20. Naif

2.1K 244 55
                                    

"Sal, kayaknya gue lapar deh. Gimana kalau gue ke kantin dulu? Nanti kalau lo sudah selesai piketnya lo bisa telepon atau kirimi gue pesan," kata Airi setelah sekitar 10 menit duduk-duduk di depan 11-IPA 3, kelas Sally.

Sally yang sedang menyapu lantai bersama beberapa anak lain mengangguk. "Oke, nanti kalau gue sudah selesai gue langsung kabari lo deh, Ri. Kita ketemu di ujung tangga," ucapnya.

Kelas-kelas tampak sudah sepi. Hanya segelintir anak yang masih terlihat. Airi berjalan menuruni tangga dengan gontai. Tubuhnya lemas, senada dengan pikirannya yang lelah.

"Airi!" Saat sedang memesan batagor, mendadak Airi mendengar ada yang menyebut namanya. Saat menoleh, ia menemukan Andina. Lagi-lagi harus bertemu dia.

"Lo belum pulang?" tanya Airi tanpa repot mendekatinya. Andina sedang duduk di salah satu bangku kantin sambil memainkan ponsel. Airi tidak mau selera makannya hilang. Andina selalu membahas Davi jika ia ada di dekatnya, seakan senang sekali pamer hubungan.

"Gue lagi nunggu Davi. Dia ada urusan sama anak-anak basket," ujar Andina, semringah. "Eh, sini dong, Ri! Kenapa lo nggak duduk semeja sama gue saja?"

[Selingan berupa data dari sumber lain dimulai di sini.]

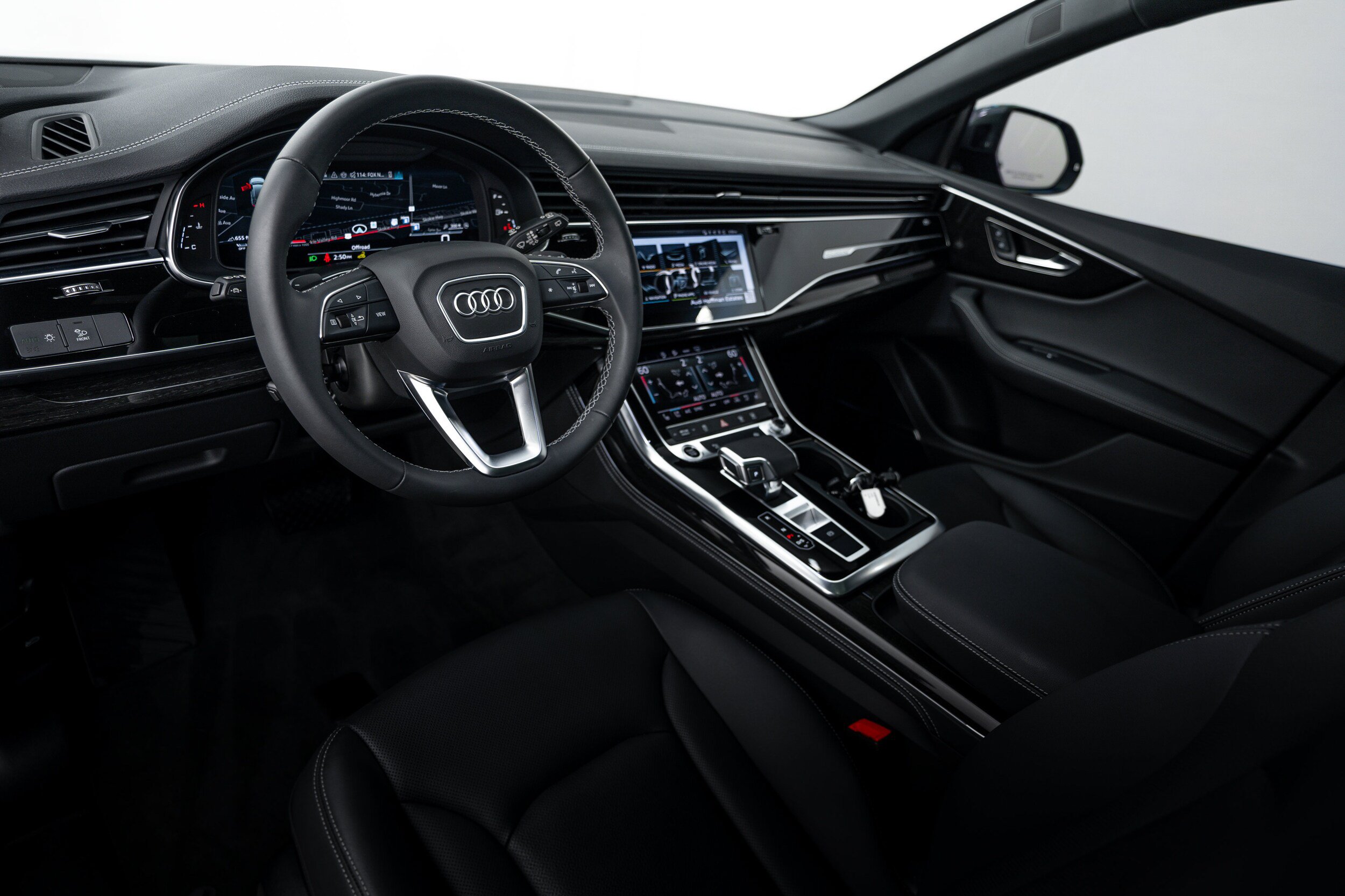 Certified 2025 Audi Q8 Premium Plus AWD/4WD image 9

"Hm, gue cuma mau bentar kok." Airi menarik-narik tali ransel sambil mencari alasan. "Pak, bisa tolong bungkus aja batagornya?" bisik Airi pada penjaga gerobak batagor-yang tak lain adalah suami ibu kantin. "Acarnya sedikit aja, Pak. Oh ya, sekalian ini uangnya."

Bapak itu mengangguk. Ia pun segera menuruti permintaan Airi. Maka sambil menunggu pesanan terbungkus, Airi menuju freezer di dekat stand penjaga kantin.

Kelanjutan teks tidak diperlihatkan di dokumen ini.